DATASET EXTRACT:
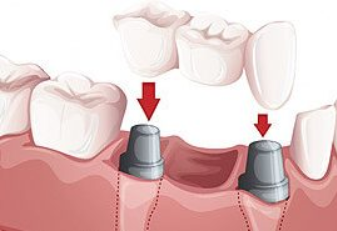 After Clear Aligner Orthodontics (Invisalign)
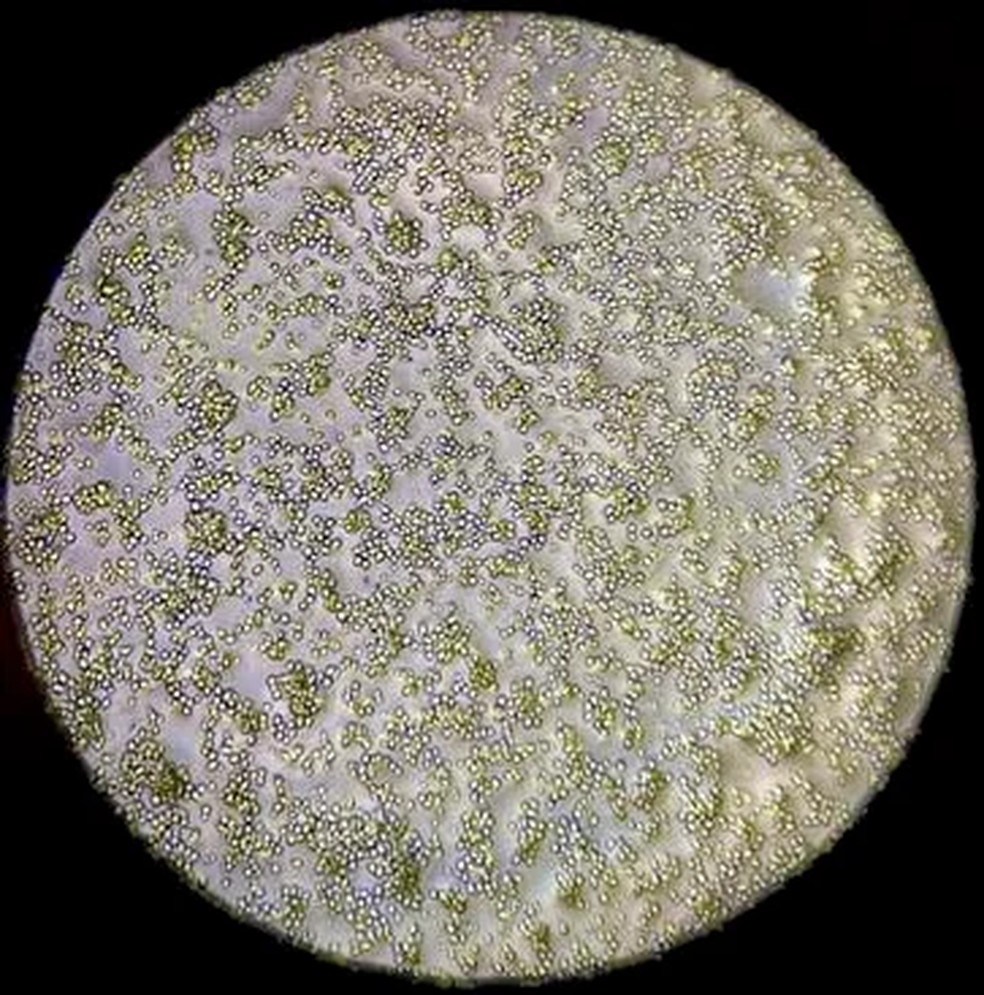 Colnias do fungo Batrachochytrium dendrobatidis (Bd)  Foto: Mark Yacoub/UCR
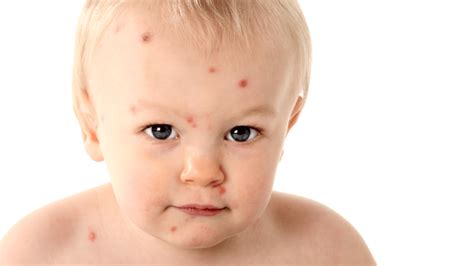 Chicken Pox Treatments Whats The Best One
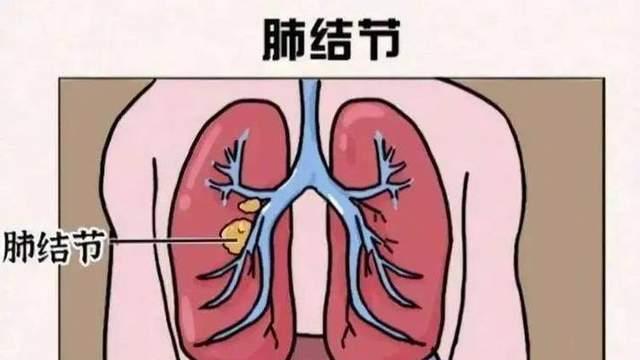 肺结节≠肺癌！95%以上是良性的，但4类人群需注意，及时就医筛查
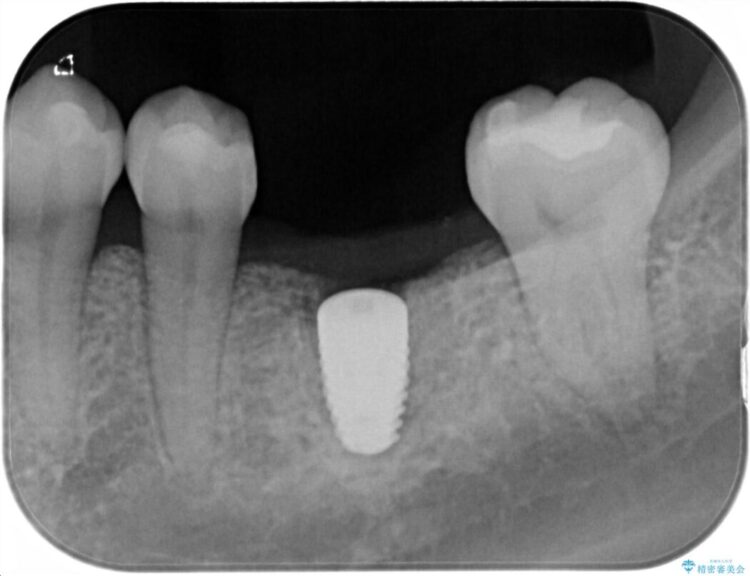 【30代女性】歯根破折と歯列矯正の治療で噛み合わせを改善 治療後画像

PROBLEM DETAILS: Word for word, return the material, omitting the pictures.

OUTPUT OF THE TASK:
 After Clear Aligner Orthodontics (Invisalign)
 Colnias do fungo Batrachochytrium dendrobatidis (Bd)  Foto: Mark Yacoub/UCR
 Chicken Pox Treatments Whats The Best One
 肺结节≠肺癌！95%以上是良性的，但4类人群需注意，及时就医筛查
 【30代女性】歯根破折と歯列矯正の治療で噛み合わせを改善 治療後画像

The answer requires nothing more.